Supplied information:

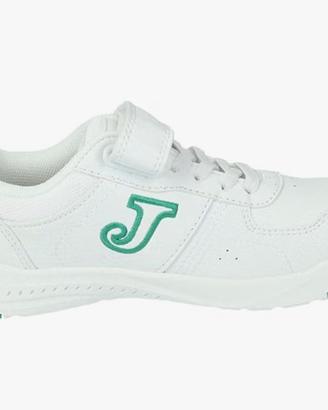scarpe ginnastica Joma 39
---
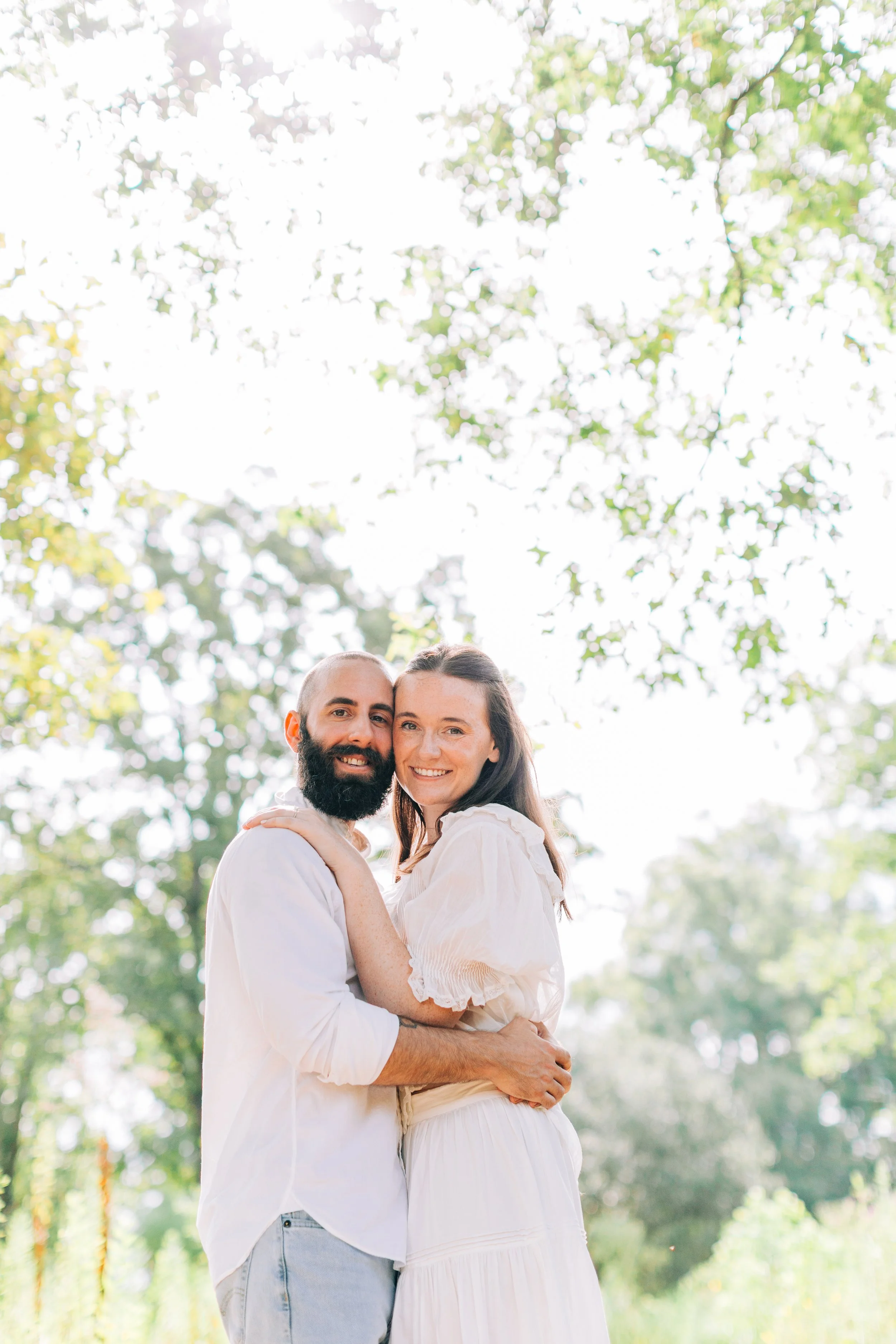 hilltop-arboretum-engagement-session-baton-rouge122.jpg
* * *
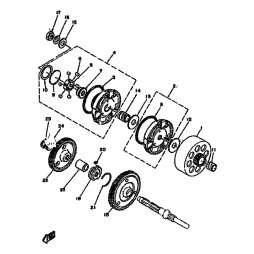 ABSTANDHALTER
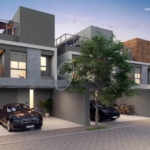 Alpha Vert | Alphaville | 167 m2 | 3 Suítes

Directions for this task:
Without the pictures, set down the lines above from the line with "ABSTANDHALTER" up to and including the line with "Alpha Vert | Alphaville | 167 m2 | 3 Suítes" exactly as they stand.

Response box:
 ABSTANDHALTER
 Alpha Vert | Alphaville | 167 m2 | 3 Suítes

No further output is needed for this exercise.